According to the SurveyUSA poll, 41% of likely California voters think expanding gambling options would be bad for California. And 37% think it would be good for California. Here are more detailed findings:
- 25% undecided
- Men support by a 20% margin, and women are split 50/50
- Voters under 50 heavily support and ages 50-64 slightly support
- Voters 65 and above strongly oppose
- Democrats favor by 20%, independents by 10%, Republicans by 1%
- 20% undecided
- Men support by a 10% margin, and women oppose by 22%
- Voters under 49 strongly support, and voters 50 and above strongly oppose
- Democrats favor by 2%, Republicans oppose by 13%, independents oppose by 18%
IF PROP 27 PASSES … Here Are California Sportsbook Welcome Bonus Offers We May See
Do Prop 26 and Prop 27 Really Stand a Chance?
This week at G2E in Las Vegas, DraftKings CEO Jason Robins and FanDuel CEO Amy Howe said they believe California sports betting won’t be legalized in the November 2022 election.
“More than likely, this will pass in 2024,” Robins said.
The Prop 27 campaign has also scaled back on its TV ad spending significantly in recent weeks. Instead, campaign organizers are focusing more on direct communication, such as online ads and mailers.
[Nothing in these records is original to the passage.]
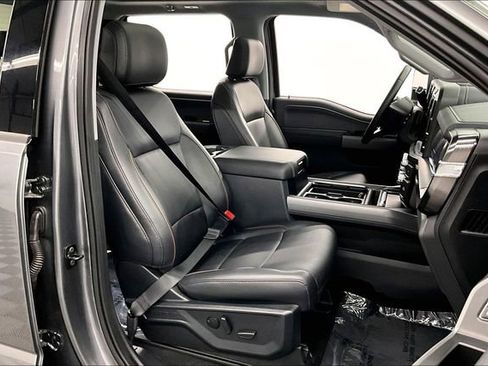 Used 2026 Ford F250 Lariat w/ Black Appearance Package AWD/4WD image 8
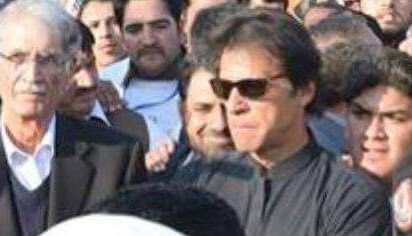 osikhan653's tweet photo. @ImranKhanPTI Your journey as a PM was phase 1 but your journey as a great Leader has started now .the hardships will be your medals ,the negativity you bare will be your scars of war ,this nation needs you,don’t give up on us ..don’t give up on Pakistan 🇵🇰♥️ #imrankhan https://t.co/OJ1ZmSZGwY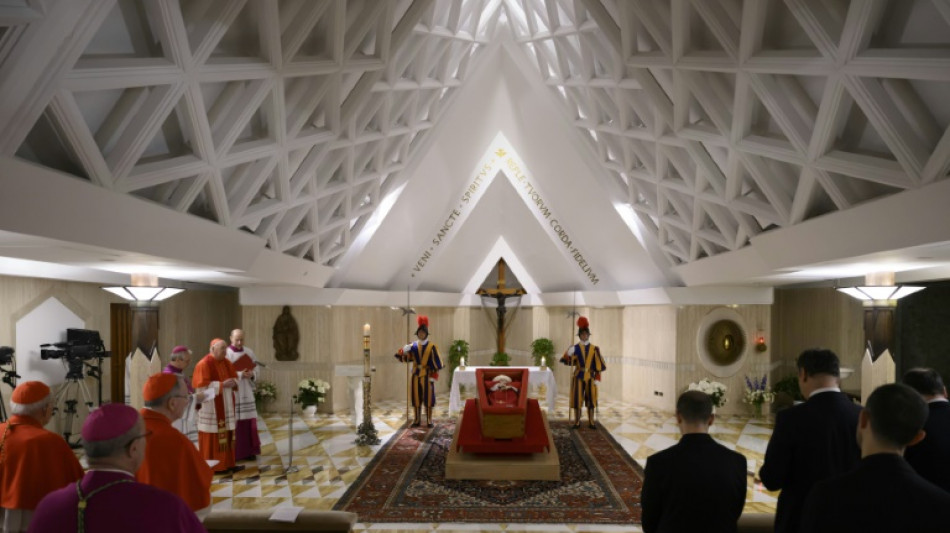 Au Vatican, l'hommage intime de la "famille" du pape face à sa dépouille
Prop 27 spokesperson Nathan Click told California Casinos this month that the shift in strategy doesn’t indicate the campaign is giving up.
“We’re undaunted,” said Click, who added that internal polling shows voters favor Prop 27 more than Prop 26. “We’re hitting the pavement, hitting the doors, hitting people’s mailboxes, mobile devices, and wherever they access the internet. So that should give you a pretty good idea.”